The $300-a-plate dinner, begun by the late Cardinal Francis Spellman in 1945 to benefit Roman Catholic charities, was attended by 2,200 guests, including many notables from the Catholic archdiocese.
Reagan's political advisers, who were pleased that Democratic presidential nominee Walter F. Mondale rejected an invitation to attend, have targeted Catholic voters throughout the campaign and are counting on strong support from voters of Irish, Italian and Polish heritage, many of them Catholic and a majority of whom are Democrats.
A Washington Post-ABC News Poll on Wednesday showed Reagan with a 20-point lead among Catholic voters, far higher than his overall 12-point lead.
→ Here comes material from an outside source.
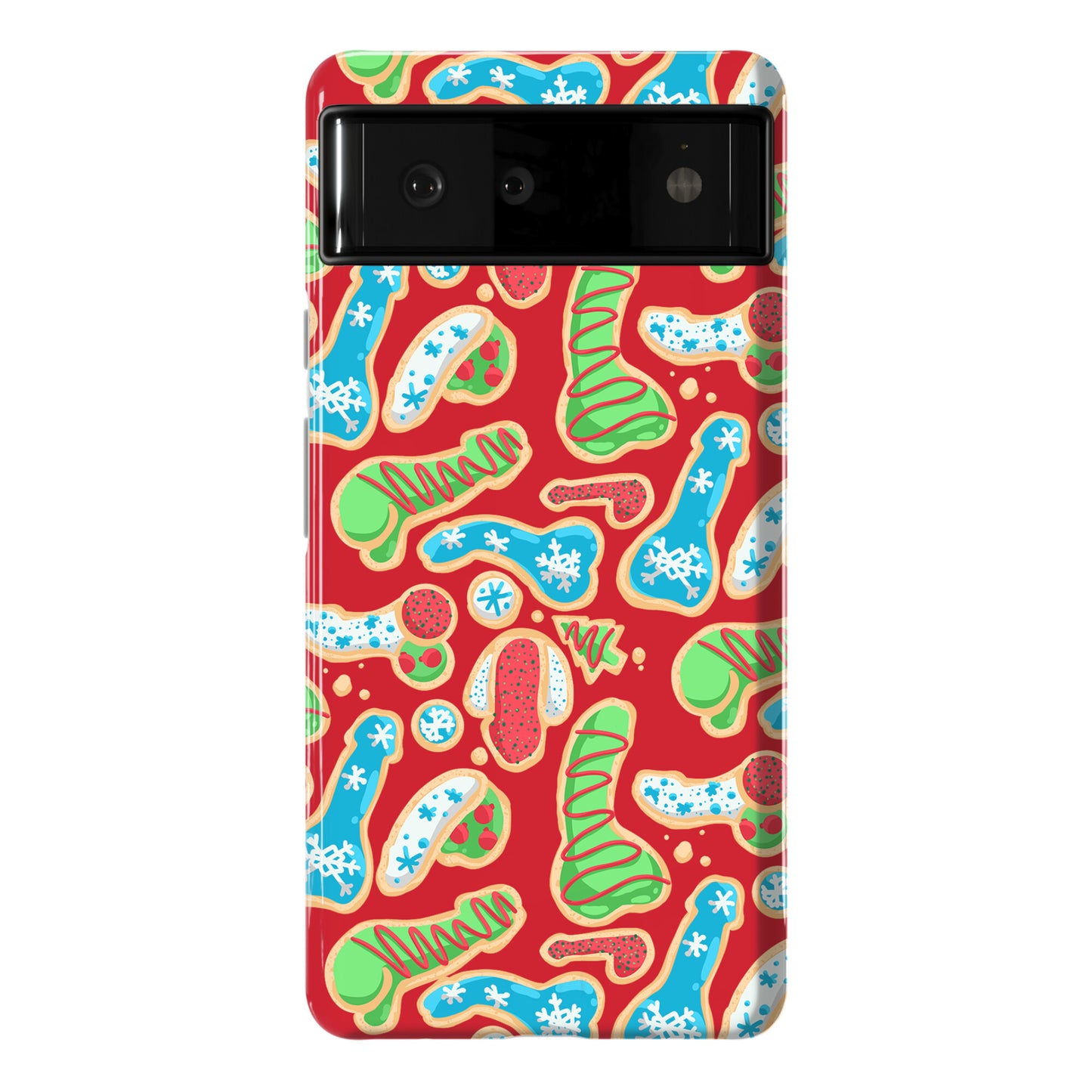 Phallic Christmas Cookies Phone Case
Furthermore, his support among Catholics has remained consistent, despite his loss of ground after his Oct. 7 debate with Mondale.
Tonight, Reagan paid tribute to Smith, the 1928 Democratic presidential nominee who was defeated after a campaign marked by religious prejudice. Reagan referred to him as "the happy warrior whom time and respect and affectionate memory have elevated beyond partisanship."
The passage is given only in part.